Дочь Императора. Том 2
Шрифт:
За столом уже сидели Саша, Марго и Анж. Мы не часто разговаривали за едой. Мне казалось, что дед и бабка, коей мне все же приходилась Марго, чувствуют себя виноватыми. Встречаясь со мной взглядом, они отводили глаза. Даже редкие вечера, когда мы болтали с Сашей в библиотеке, отличались от тех, что были при маме. Все изменилось. И я с благодарностью отмечала, что они оба делят мою потерю. Сочувствие ясно и искренне читалось в светлых грустных глазах деда и густом, засасывающем взгляде Марго. Я была благодарна за это. Их безмолвное сопереживание было для меня самым важным, что я смела ожидать.
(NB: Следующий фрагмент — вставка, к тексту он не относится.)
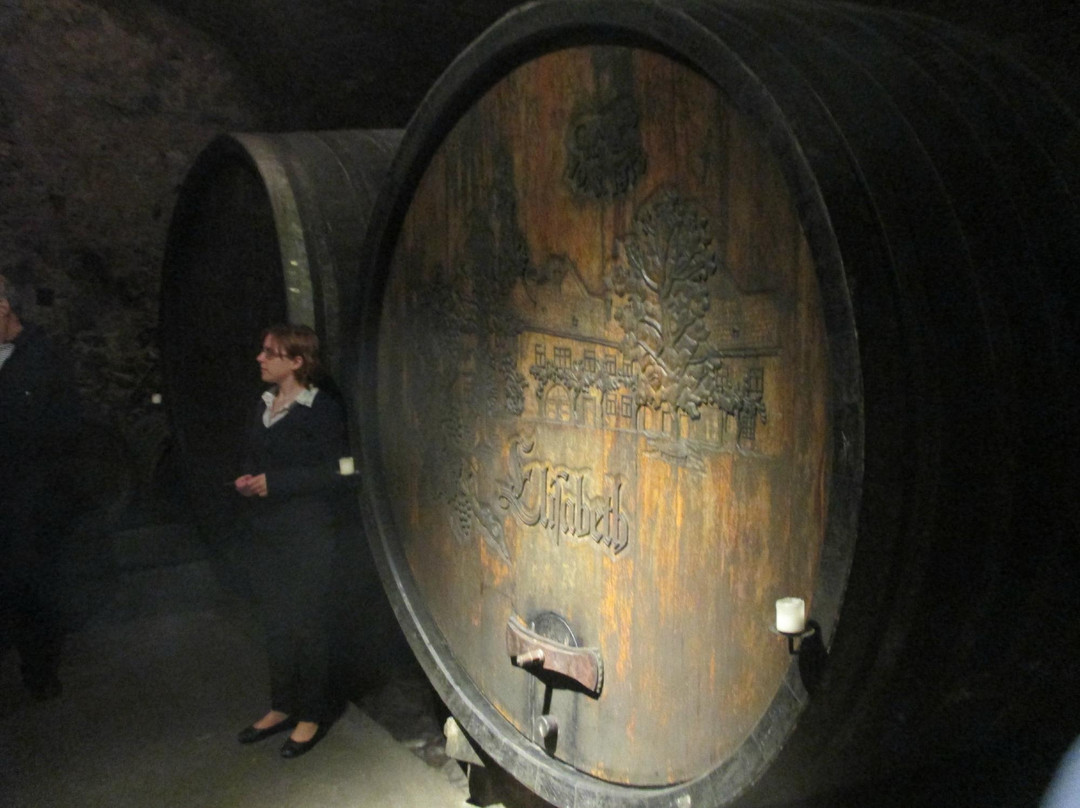 Weingut Nikolaihof-Mautern an der Donau必去景点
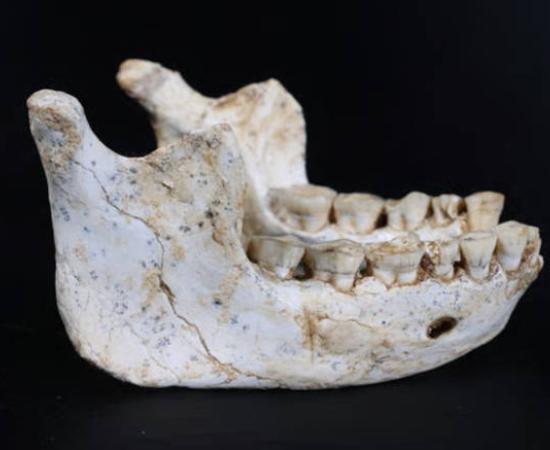 Mandible fossil discovered at Grotte à Hominidés 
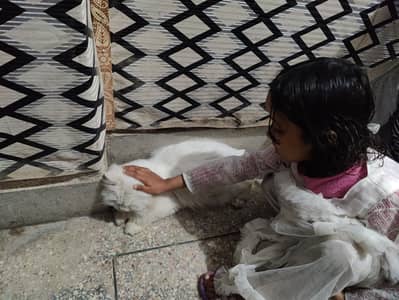 Percian Doll Face white Cat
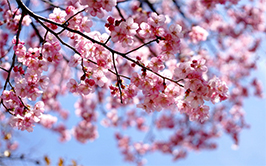 cherryblossomsmall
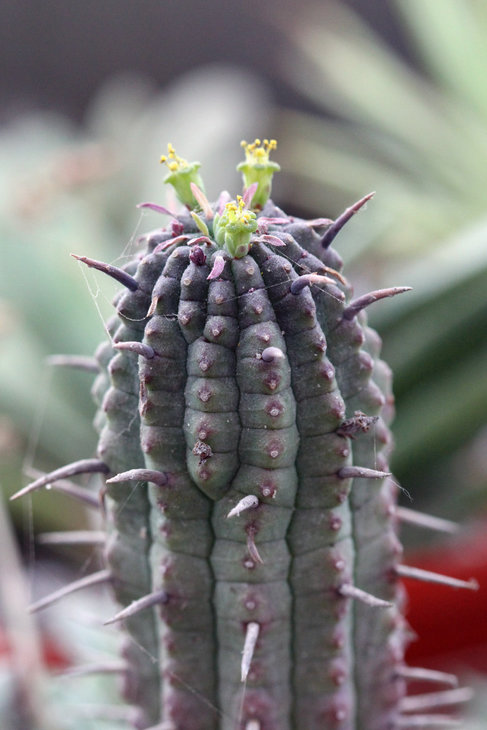 Euphorbia mammillaris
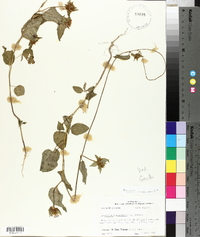 Jacquemontia tamnifolia image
— У вас нет еще одного кристалла в поместье? — Спросила я в пустоту, нарушая молчание.
—
— Не знаю. На всякий случай…
Кивнув, Марго продолжила есть. Какая же она была… твердая. Жесткая, плотная, цепляющая, словно рыболовный крючок. От нее сложно было отвести взгляд, хоть и была она уже не молода и не прекрасна, как Целесс. Марго притягивала, выкручивала, засасывала само мое существо, пугая и заставляя преклоняться. Она не была ни легкой, ни простой. Наоборот, Марго была цельной, сильной, непробиваемой. Казалось, ей никто не нужен. Но когда она смотрела на мужа или сына, взгляд становился как мягкая трава, притягивающая путника прилечь с дороги. Даже я, случайно вошедший в их семью человек, чувствовала, как уже притянулась к ней и закрепилась в ее пространстве. И это притом, что мы практически не разговаривали.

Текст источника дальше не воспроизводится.